Alec Baldwin Taken To Hospital After Ingesting A Bunch of Fred's & Wilma's

Funny story written by Abel Rodriguez

Friday, 12 February 2010

image for Alec Baldwin Taken To Hospital After Ingesting A Bunch of Fred's & Wilma's
These are not Fred and Wilma Flintstone Vitamins; but they're as close as we could get - the budget and all.

NEW YORK CITY - Alec Baldwin, the star of 30 Rock, was rushed to Manhattan's Mickey Mantle Hospital, after allegedly swallowing a handful of Fred & Wilma Flintstone Vitamins.

Baldwin's semi-famous daughter Ireland, and her not-famous-at-all friend Scotland reportedly found Baldwin lying face down on the kitchen carpet with a #2 yellow pencil sticking out of is right ear, a Pilot Precise V5 RT Pen sticking out of his right nostril, and a (blank) sticking out of is (blank).

At first the two girls started laughing thinking that Baldwin was just doing his Richard Simmons imitations again. But when Scotland noticed the (blank) sticking out of his (blank) she knew that it was not just a prank, because she remembered once seeing her quasi-gay uncle Bibster looking the same way.
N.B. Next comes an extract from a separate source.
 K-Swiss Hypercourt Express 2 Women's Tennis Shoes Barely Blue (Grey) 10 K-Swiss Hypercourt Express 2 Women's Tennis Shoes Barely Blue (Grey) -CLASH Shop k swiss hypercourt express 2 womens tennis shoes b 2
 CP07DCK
Ireland, who is named after the country, (duh) told Scotland, named after her aunt Scotland Hargreaves, that she was going to call 911. But she shouted out to Scotty that she could not remember the number. Scotland quickly told her 9-1-1.
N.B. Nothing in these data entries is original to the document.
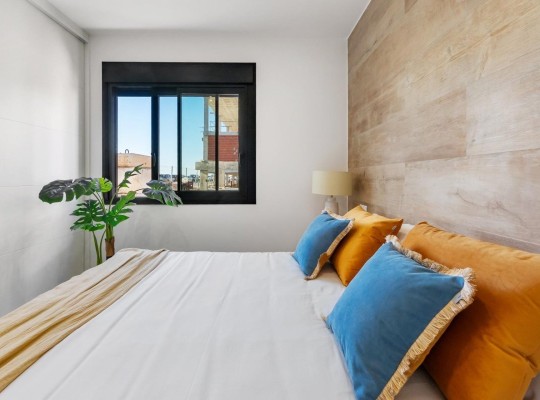 Other areas (Santiago de la Ribera), Apartment #CQ-00-30500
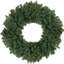Couronne de Noël artificielle Canadian Canadian Pine-1098255185-1098255191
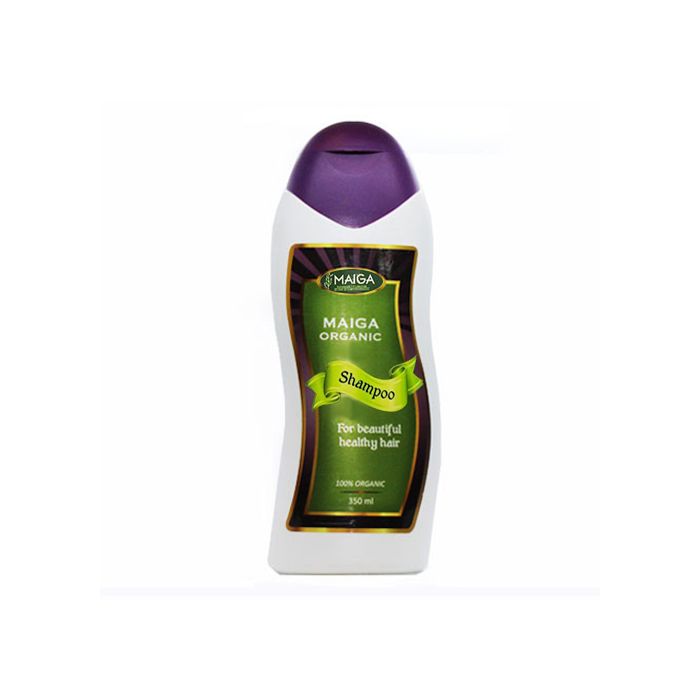 SHEA BUTTER SHAMPOO 350ML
Within eight minutes an ambulance arrived and transported the human pin cushion to the hospital.

Baldwin's stomach was pumped and a hospital spokesperson said that the contents of his stomach included half a Snickers Bar, three grapes, a Tic Tac, seven ounces of Southern Comfort, six Freds, and five Wilma's.
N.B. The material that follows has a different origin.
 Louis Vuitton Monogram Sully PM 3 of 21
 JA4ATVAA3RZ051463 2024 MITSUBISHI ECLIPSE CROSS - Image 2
Dr. Amos Brandywild, who treated Baldwin, told the media that the actor would be released in two days. When told by Baldwin's assistant that he had to be in Los Angeles by 9 a.m. the next morning, Dr. Brandywild just grinned and remarked, "Well it looks like a standard case of 'tough titty, said the kitty,' cause he ain't leaving tomorrow."

Baldwin was given a sedative for his tremendous stress, anger, embarrassment, and overall basic stupidity.

In other news. The newest American Idol Judge Ellen DeGeneres stated that Simon is not the bad ass everyone thinks he is. She said that she saw him in his dressing room back stage and he was plucking his eyebrows, getting a spray on tan, and having a Brazilian Wax Job.

The funny story above is a satire or parody. It is entirely fictitious.